When we set off from Rockmart, however, the smiles and nods were few and far between — so, too, were the people. Unlike the parking lot in Smyrna, which was overflowing on this Saturday morning, Rockmart seemed downright deserted. It made for a peaceful beginning.

It should come as no surprise that the sections of the Silver Comet still out of Atlanta’s reach are the most picturesque, and that the people you encounter on these outlying miles are the most colorful (in terms of character, not clothing — the Cobb County folks clad in fluorescent spandex take the prize there).

There was one elderly man who didn’t let the 90-degree temperature, or the fact that it was Saturday, stop him from wearing his Sunday best. He had wrinkles on his face and a fedora on his head. Pee Wee Herman would have envied his mode of transportation.

Then, at the 800-foot-long tunnel that cuts a hole in Brushy Mountain, we encountered a gentleman wearing an engineer’s cap. As he guided his bicycle into the darkness, he blew repeatedly into a wooden train whistle. It filled up the tunnel — known for its aesthetics and its acoustics — rather nicely.

For every tunnel there was a trestle. The one at Pumpkinvine Creek is 126 feet high and 750 feet long.
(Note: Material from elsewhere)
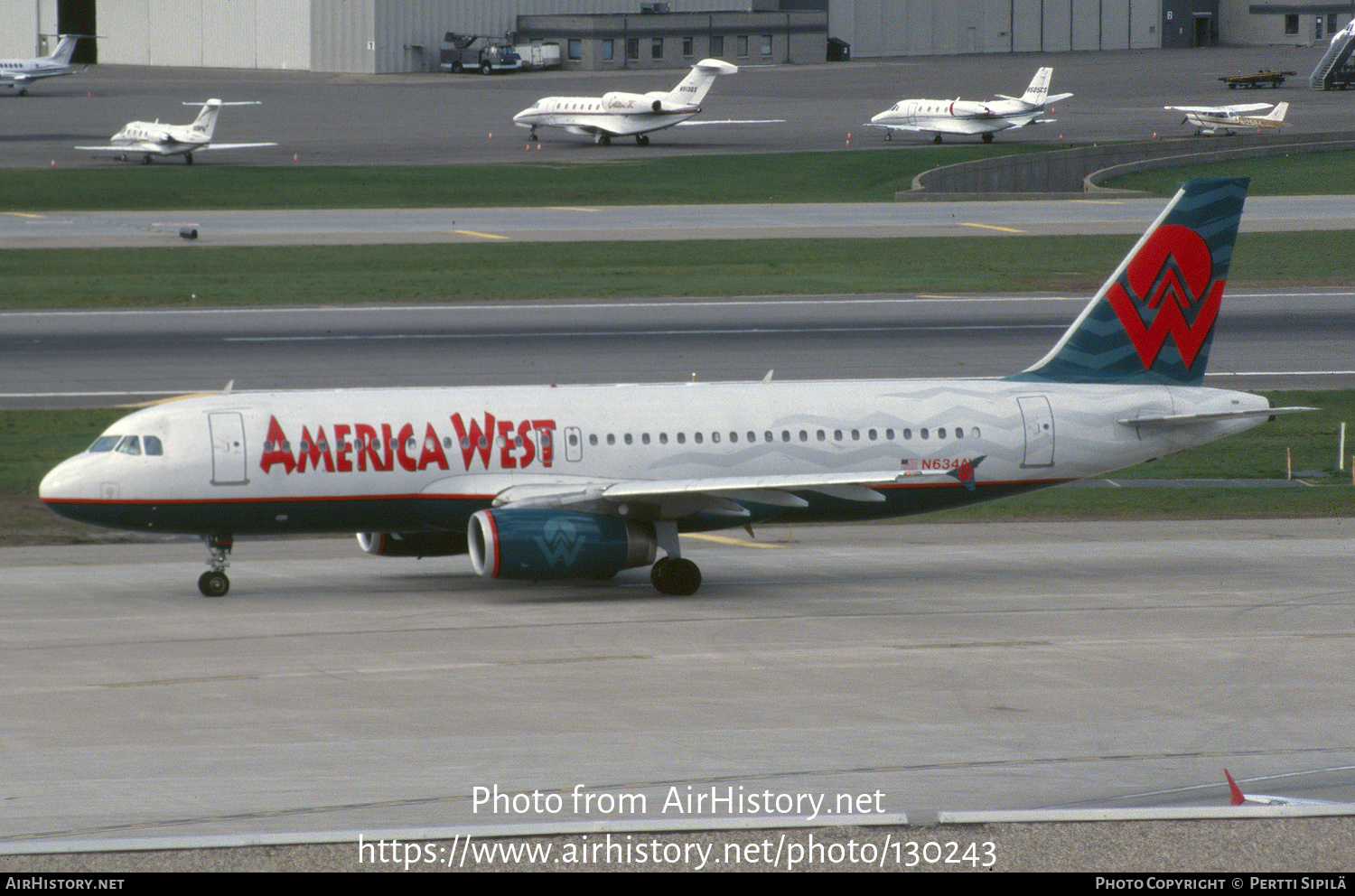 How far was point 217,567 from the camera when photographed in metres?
30.1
The water roared beneath us, and I had trouble keeping my eyes focused forward.

Near Ma White’s Bottomland, closer to Rockmart, the path is at its most pastoral. Large rolls of hay dot the rolling green fields. So do cows. A historical marker tells the story of a Civil War cannonball that nearly made Ma White Ma Dead.

It was easy to imagine the Silver Comet trucking along, through tunnels, over trestles, and between narrow walls of trees and stone.
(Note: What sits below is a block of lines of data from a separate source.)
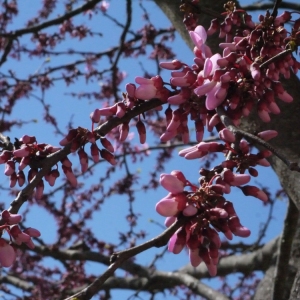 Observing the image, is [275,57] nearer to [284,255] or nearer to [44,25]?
[284,255]

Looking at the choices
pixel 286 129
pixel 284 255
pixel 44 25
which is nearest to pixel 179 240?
pixel 286 129

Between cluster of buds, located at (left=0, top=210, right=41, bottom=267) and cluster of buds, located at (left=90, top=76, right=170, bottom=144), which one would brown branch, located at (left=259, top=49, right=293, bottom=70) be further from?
cluster of buds, located at (left=0, top=210, right=41, bottom=267)

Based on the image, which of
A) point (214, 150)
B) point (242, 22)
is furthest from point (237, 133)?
point (242, 22)

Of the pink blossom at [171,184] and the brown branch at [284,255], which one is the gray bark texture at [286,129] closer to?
the pink blossom at [171,184]

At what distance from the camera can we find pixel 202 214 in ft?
3.54

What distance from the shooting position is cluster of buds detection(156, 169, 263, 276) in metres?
1.07

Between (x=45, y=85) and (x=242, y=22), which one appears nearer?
(x=242, y=22)

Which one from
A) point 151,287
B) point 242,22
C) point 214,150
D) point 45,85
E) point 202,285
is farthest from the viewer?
point 45,85

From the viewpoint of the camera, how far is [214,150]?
4.23 feet

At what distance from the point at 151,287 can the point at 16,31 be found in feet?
8.02

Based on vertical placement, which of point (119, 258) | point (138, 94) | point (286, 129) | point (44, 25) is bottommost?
point (119, 258)

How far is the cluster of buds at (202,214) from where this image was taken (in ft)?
3.52

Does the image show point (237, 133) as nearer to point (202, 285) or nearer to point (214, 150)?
point (214, 150)

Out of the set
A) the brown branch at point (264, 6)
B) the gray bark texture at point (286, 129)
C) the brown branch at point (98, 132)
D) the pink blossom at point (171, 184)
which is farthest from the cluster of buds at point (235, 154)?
the brown branch at point (264, 6) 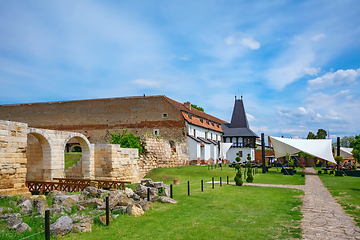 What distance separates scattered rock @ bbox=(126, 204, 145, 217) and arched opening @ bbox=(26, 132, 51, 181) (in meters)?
9.22

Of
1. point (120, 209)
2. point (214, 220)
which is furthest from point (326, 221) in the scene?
point (120, 209)

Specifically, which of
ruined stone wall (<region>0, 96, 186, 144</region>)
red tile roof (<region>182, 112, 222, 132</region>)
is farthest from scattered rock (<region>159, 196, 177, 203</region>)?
red tile roof (<region>182, 112, 222, 132</region>)

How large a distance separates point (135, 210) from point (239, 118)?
4900cm

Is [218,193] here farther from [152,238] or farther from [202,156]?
[202,156]

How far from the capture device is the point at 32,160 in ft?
57.8

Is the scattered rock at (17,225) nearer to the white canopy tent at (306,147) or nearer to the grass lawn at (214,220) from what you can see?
the grass lawn at (214,220)

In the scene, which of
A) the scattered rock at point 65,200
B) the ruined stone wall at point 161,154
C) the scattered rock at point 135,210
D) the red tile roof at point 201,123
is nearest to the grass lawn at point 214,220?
the scattered rock at point 135,210

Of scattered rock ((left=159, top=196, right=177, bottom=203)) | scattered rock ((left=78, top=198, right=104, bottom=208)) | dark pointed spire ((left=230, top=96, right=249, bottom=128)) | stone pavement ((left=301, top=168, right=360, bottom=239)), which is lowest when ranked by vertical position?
stone pavement ((left=301, top=168, right=360, bottom=239))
I wondered if the kudzu vine so dominated the landscape back then. But you know, for all of its predacious predilections, kudzu has a rather sweet-smelling aroma. The same can’t be said for suburban sprawl.

The ride was relaxing. We easily fell into a rhythm.

But the Cobb County section has a way of causing such rhythms to be interrupted. There are more roads to cross. More people to pass.

And when we arrived again at the still-stuffed Smyrna parking lot, part of me wanted to turn my bike right around and ride 37 more miles back to Rockmart.

I wasn’t looking forward to spending the next two-and-a-half hours in my car.